I know how to work around it, I was just curious for an explanation of why static members in interfaces/ protocols are problematic.

protocol NodeSolver {
    static func solve(_ nodes: [Node]) -> [Node]
}

func findPath<T: NodeSolver>(nodes: [Node]) -> [Node]  {        
        return T.solve(nodes)
    }

Answer 1

Since it seems you want findPath to be a method strongly connected to the type that conforms to NodeSolver, but wont use any instance of this concrete NodeSolver type in the findPath method itself, you might want to consider simply adding the general findPath method as a type method available by a default implementation for all types conforming to NodeSolver.

E.g.:

struct Node {}

protocol NodeSolver {
    static func solve(_ nodes: [Node]) -> [Node]
    static func findPath(nodes: [Node]) -> [Node]
}

extension NodeSolver {
    static func findPath(nodes: [Node]) -> [Node]  {
        // hopefully some more logic ...
        return Self.solve(nodes)
    }
}

struct MyNodeSolver: NodeSolver {
    // dummy solver
    static func solve(_ nodes: [Node]) -> [Node] {
        return nodes
    }
}

let myNodes = [Node(), Node()]

// make use of the default implementation of `findPath` available
// to all types conforming to 'NodeSolver': this method itself
// make use of the concrete type-specific implementation of 'solve'
// in the types conforming to 'NodeSolver'.
let dummyPath = MyNodeSolver.findPath(nodes: myNodes)

---

I am handing a constrained type in the protocol I am specifying. And the actual type in the method call.

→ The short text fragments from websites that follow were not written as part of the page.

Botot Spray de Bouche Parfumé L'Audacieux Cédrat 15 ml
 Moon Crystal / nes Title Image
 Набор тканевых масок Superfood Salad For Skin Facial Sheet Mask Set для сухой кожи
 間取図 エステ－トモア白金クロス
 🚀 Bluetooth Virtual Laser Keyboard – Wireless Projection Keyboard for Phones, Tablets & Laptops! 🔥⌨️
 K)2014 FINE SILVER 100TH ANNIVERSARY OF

findPath<NodeSolver1>(nodes)
findPath<NodeSolver2>(nodes)

Another workaround, possible closer to what you're trying to achieve, is to wrap the generic function into a generic type (say, struct) which holds a non-generic function findPath w.r.t. concrete versions of the generic type. If viewing the wrapped findPath from a viewpoint external to the owning type, the functions is generic w.r.t. the generic typeholder of the owning type.

E.g.:

struct Node {}

protocol NodeSolver {
    static func solve(_ nodes: [Node]) -> [Node]
}

struct NodeSolverA: NodeSolver {
    static func solve(_ nodes: [Node]) -> [Node] {
        return nodes
    }
}

struct NodeSolverB: NodeSolver {
    static func solve(_ nodes: [Node]) -> [Node] {
        return nodes.reversed()
    }
}

// instead of a generic function, wrap a concrete function
// in a generic type
struct AnyNodeSolver<T: NodeSolver> {
    static func findPath(nodes: [Node]) -> [Node]  {
        return T.solve(nodes)
    }
}

let myNodes = [Node(), Node()]

let dummyPathA = AnyNodeSolver<NodeSolverA>.findPath(nodes: myNodes)
let dummyPathB = AnyNodeSolver<NodeSolverB>.findPath(nodes: myNodes)